»»

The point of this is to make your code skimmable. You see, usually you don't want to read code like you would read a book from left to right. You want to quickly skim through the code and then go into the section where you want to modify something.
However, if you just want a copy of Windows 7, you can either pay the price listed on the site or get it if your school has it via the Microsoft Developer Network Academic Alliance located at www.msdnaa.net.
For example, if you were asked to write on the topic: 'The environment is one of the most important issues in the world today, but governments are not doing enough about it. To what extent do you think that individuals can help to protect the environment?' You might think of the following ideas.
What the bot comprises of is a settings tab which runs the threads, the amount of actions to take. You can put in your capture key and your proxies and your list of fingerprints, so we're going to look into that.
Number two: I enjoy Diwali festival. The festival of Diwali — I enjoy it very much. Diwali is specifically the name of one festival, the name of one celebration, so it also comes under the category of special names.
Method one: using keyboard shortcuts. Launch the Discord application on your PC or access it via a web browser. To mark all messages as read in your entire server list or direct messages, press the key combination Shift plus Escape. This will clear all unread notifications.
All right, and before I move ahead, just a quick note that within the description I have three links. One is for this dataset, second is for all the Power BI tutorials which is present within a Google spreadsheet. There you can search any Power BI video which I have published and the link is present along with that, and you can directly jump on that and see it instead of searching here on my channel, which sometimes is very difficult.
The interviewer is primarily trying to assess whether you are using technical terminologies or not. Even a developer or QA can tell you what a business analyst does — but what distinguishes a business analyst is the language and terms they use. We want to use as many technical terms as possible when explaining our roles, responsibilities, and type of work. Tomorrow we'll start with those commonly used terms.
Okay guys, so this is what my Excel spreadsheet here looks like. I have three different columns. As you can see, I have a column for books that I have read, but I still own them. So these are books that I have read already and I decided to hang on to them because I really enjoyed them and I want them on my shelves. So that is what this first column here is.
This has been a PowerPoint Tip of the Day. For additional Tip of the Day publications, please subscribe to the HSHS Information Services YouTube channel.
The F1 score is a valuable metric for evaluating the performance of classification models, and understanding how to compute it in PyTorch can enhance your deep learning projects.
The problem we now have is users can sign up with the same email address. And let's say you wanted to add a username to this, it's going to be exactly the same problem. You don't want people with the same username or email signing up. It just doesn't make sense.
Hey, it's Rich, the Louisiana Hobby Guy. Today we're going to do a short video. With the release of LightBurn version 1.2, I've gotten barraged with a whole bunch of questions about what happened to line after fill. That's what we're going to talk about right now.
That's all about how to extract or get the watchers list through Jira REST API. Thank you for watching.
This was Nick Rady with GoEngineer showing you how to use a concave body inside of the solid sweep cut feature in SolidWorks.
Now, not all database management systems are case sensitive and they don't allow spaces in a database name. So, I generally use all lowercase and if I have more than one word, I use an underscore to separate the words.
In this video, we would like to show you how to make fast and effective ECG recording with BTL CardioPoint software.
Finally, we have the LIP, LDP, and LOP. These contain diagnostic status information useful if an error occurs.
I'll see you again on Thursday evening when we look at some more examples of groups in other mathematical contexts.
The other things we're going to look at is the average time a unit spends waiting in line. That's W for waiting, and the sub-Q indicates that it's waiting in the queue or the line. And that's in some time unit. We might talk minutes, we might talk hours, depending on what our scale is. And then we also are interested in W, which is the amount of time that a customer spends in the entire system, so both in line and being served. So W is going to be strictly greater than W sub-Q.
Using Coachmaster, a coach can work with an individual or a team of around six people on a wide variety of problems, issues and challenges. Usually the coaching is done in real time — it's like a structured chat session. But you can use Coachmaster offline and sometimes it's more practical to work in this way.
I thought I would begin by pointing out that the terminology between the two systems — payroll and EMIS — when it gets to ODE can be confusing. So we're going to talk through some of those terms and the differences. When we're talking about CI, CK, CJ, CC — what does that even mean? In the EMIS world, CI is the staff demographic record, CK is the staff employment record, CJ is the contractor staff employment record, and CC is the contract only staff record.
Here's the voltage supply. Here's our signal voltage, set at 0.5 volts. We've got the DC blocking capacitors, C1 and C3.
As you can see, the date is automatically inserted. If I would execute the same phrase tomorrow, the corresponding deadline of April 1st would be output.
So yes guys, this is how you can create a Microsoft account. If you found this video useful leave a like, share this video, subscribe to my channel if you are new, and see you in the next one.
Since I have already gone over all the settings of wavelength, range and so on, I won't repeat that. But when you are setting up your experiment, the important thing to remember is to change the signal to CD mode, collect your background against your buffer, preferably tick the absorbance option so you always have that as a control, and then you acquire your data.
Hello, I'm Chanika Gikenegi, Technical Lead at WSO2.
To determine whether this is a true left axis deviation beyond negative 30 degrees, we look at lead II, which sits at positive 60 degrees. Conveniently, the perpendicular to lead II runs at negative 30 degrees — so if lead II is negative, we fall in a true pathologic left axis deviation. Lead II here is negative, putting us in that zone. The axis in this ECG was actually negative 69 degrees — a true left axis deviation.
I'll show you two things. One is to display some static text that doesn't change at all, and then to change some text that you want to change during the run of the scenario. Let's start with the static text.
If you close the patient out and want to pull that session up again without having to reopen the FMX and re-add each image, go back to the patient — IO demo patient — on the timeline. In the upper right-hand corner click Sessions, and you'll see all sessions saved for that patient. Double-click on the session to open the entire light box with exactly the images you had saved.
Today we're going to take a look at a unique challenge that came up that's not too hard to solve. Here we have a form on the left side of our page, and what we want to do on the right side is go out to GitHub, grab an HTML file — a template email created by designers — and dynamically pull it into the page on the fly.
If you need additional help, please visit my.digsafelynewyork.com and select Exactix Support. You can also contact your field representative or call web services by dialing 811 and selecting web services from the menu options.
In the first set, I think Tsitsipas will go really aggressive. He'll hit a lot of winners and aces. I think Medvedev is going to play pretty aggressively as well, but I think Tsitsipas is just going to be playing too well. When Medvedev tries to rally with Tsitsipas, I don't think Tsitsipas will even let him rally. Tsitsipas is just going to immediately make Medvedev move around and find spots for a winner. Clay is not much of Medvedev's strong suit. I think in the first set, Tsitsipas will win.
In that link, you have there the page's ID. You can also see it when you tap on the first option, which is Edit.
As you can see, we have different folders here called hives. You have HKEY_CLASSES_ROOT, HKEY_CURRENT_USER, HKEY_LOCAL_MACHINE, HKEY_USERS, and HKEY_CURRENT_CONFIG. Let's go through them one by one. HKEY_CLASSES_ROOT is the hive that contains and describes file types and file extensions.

««

■ **Work to complete**: One number only, please: the count of lines in the material holding the word "additional".

■ **Answer for the task**: 2